Re2c

fanf2 · on Feb 22, 2024

Some years ago, I heard of several projects using the ragel state machine compiler for parsing network protocols http://www.colm.net/open-source/ragel/. It sounded great, but I found it was too low-level for me: it seemed that to use it effectively, I would have to attain oneness with the state machine, whereas one of the great advantages of regular expressions is that I don’t have to think (much) about how they are implemented.

On the other hand, for a small project I wanted to wire up a C library (adns) to a simple parser, but adns lacks bindings to higher-level languages. So I thought, why not go retro and use the classic Unix swiss army knife, lex [•]. And it was actually a lot nicer than I expected, and the results were great.

More recently I used re2c for a C/C++ lexer. Its user interface is fairly similar to lex, but cleaned up for modern tastes – in fact, re2c is easier and more flexible than lex, I think. And like ragel, re2c produces a directly-coded state machine, instead of a table-driven state machine. So the resulting code is (generally speaking) bigger but faster than lex.

I think re2c is a great tool, and its developers are helpful and responsive.

[•] perl was referred to as a unix swiss army chainsaw, because where lex is regexes + C, perl is regexes + scripting, and perl allows you to go from idea to huge mess much faster

chubot · on Feb 22, 2024

Hm as an re2c user, I always thought that Ragel vs. re2c was a push/pull issue (though re2c flag has a --storable-state flag to generate the push style -- I haven't used it)
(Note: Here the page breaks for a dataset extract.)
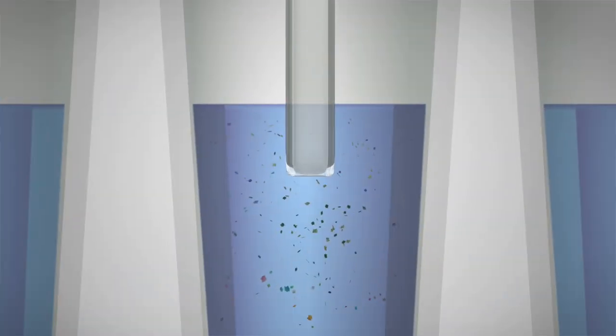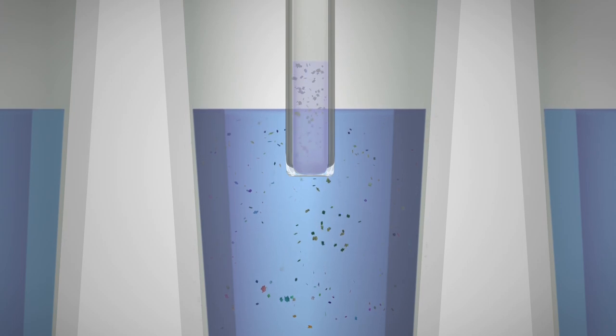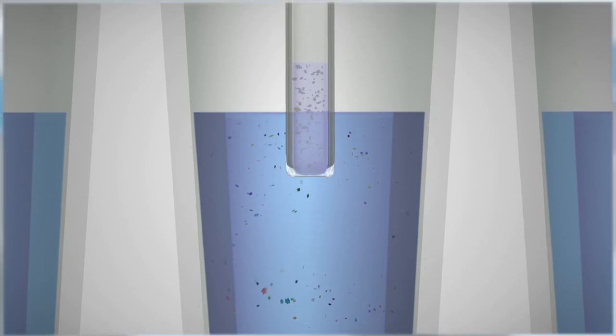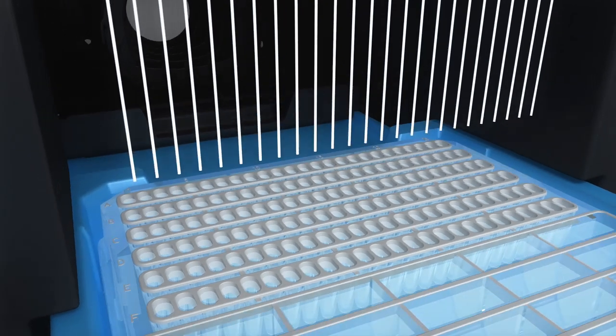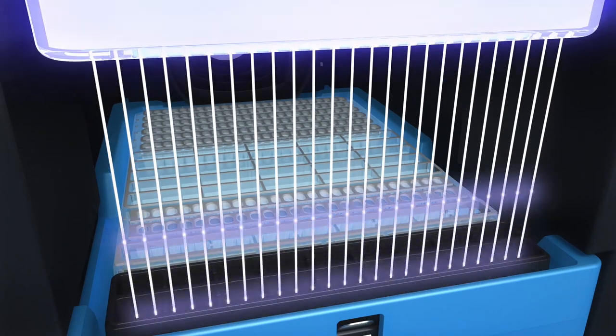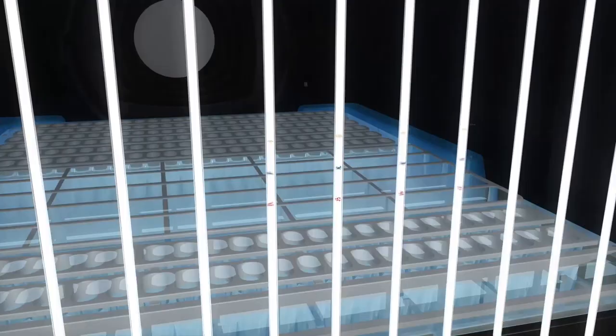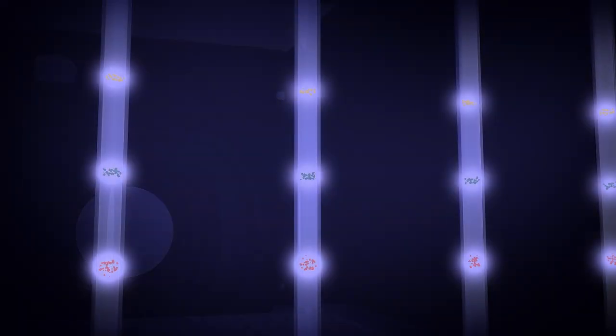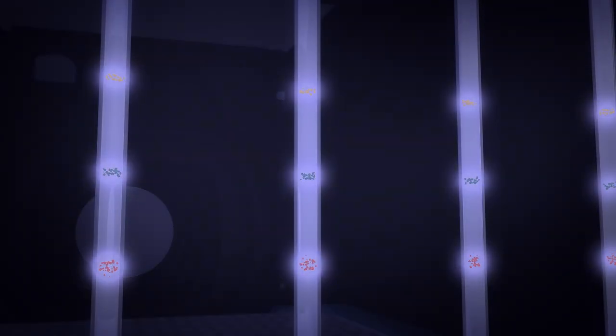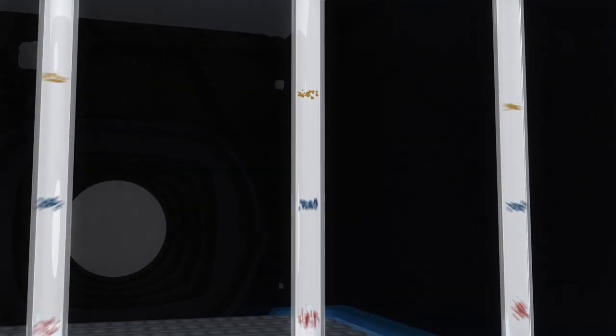Next, your protein lysate is loaded and capillaries are lowered to make contact with running buffer. Voltage is applied to enable separation by molecular weight. Once the separation is complete, UV light immobilizes the proteins to the capillary wall. With proteins now immobilized and the matrix cleared of the capillary, Jess starts the immunoprobing process.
But now that I look at the example on the front page: http://www.colm.net/open-source/ragel/

    action dgt      { printf("DGT: %c\n", fc); }
    action dec      { printf("DEC: .\n"); }

    number = (
        [0-9]+ $dgt ( '.' @dec [0-9]+ $dgt )?

I don't like how the dgt and dec actions are "inline" in the regex.

This seems to be breaking the key abstraction of regexes, which in my mind is "NON-DETERMINISM for free".

The better mechanism is submatch extraction, which re2c supports, and they even wrote a 2017 paper about - https://arxiv.org/abs/1907.08837 , also see https://re2c.org/

(I don't use re2c submatch extraction in https://www.oilshell.org, but I just used in a brand new program, and it works great. Very easy and natural.)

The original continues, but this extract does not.